An Action Hero‘s oil and water combination of genres doesn’t always gel, gets overly far-fetched in places but still holds up on the strength of whimsy and surprise, notes Sukanya Verma.
While reviewing In Bruges, late film critic Roger Ebert wrote, ‘a film that seems to happen as it goes along.’
It’s what Anirudh Iyer’s directorial debut fancies itself to be as the action shifts from a small village in Haryana to south of England. Except in place of gangsters caught in an existential crisis, An Action Hero swings back and forth between a black crime comedy and a spoofy satire on the media’s self-appointed moral police as well as the business of manufacturing and marketing news.
An Action Hero‘s oil and water combination of genres doesn’t always gel, gets overly far-fetched in places but still holds up on the strength of whimsy and surprise.
It has something pertinent to say about celebrity media trials and the ongoing boycott culture afflicting Bollywood even if it’s a few drafts underwritten.
There are some cheeky ideas in there, some cunning humour too.

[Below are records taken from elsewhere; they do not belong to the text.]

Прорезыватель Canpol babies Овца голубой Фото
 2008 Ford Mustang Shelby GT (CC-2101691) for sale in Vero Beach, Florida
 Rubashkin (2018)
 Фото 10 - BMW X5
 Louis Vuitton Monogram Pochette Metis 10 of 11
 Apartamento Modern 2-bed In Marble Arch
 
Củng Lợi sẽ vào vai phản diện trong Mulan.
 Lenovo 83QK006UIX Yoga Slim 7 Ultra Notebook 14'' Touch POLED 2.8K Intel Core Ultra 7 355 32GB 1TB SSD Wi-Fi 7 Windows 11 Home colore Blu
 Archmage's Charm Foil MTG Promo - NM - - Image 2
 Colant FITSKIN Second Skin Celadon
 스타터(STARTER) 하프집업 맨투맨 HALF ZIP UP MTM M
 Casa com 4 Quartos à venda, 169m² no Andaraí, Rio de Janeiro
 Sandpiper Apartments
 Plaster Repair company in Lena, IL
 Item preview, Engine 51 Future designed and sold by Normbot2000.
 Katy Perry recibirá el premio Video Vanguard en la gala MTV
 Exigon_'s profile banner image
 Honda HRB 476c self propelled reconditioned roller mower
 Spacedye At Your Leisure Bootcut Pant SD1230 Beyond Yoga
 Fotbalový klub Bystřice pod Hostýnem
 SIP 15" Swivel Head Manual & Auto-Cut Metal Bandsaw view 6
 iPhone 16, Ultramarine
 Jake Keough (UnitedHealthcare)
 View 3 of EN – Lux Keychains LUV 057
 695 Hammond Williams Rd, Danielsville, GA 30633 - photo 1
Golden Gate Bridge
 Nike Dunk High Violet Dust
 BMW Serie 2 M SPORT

But it’s all too choppily put together to render its circle of crime that jubilant feeling when the moment of vindication finally arrives.
Ayushmann Khurrana takes a break from social service duties to slip under the skin of a Bollywood daredevil.
Although his Maanav holds his designer sunglasses dear and flaunts his chiseled torso at the drop of hat, he likes to think before he fights.
Clearly, the man does his own stunts given how well he fares later on in the absence of choreographed action sequences.
Over the course of the movie, he emerges more of a behind-the-scenes guy in charge of his own dialogue and destiny.
When we first see Maanav, he’s detained and doing planks while handcuffed in a British secret service facility. How tables turn from a responsible youth icon rejecting a mobster biopic to internationally sought criminal is the movie.
Back in Haryana, a scuffle between Maanav and a local Jatt politician’s sibling sporting a Wrogn T-shirt spirals out of control.
Money being no issue, Maanav takes a leaf out of (Vijay) Mallya and Nirav (Modi)’s book and flees to UK even as the latter’s temperamental big brother Bhoora (Jaideep Ahlawat) bays for his blood.
Before their game of hide-and-seek kickstarts, An Action Hero comically glimpses at the jumbled law and order and snoopy local journalism of the region.
Witch hunt for Maanav by TRP-hungry anchors remains its steady focus even as the man of the hour negotiates his way out of a spate of misadventures in foreign land.
These tonal shifts between crime and comedy are as jumpy as the movie’s propensity to dive into a lengthy car chase or forced face-offs.
An Action Hero has a rhythm about it, but no song.
Too many of its jokes, amusing as they are — like the difference between DoP and DCP — appear out of context.
Caricatures of shrill news anchors from Hindi and English media, accurate as they may be, are long past novelty.
But it sure is droll to watch a Bollywood action hero consulting the industry’s original Khiladi in one of the more inspired moments in the movie. How insanely meta would the joke be if only the plane was flying to Canada.
Iyer’s taunting wit alludes to a lot of gossip churned out by the fourth estate but takes little notice of the obvious parallels between Maanav’s professional and personal reality.
Where the media circus goes overboard demonising him, An Action Hero‘s need to emphasise on his virtues — refusing to pass the buck to his subordinates, helping strangers with their broken down cars — borders on heavy-handedness. His newfound grit based on overnight epiphanies has little to back it up.
Despite these irregularities, Ayushmann Khurrana conveys an acumen for the role.
He keeps the momentum going even as the story takes a lot of convoluted turns interspersed in industry myths, hearsay and in-jokes.
It’s a bonkers third act, but the actor sets forth its touché potential to the hilt.
Always a good choice for prickly characters, Jaideep Ahlawat’s mastery in dour face and dry wit is well known.
Too bad its terribly confused characterisation dumbs him down into a programmed hitman.
An Action Man simply cannot decide whether his objective is vendetta or voicing fan-star obligations.
Any time an opportunity for some exciting existential conversation between these two men, as two sides of the same coin, presents itself, Iyer opts for a less complicated chase-and-combat routine.
An Action Hero could flex a lot more than muscles, but An Action Hero is all it wants to be.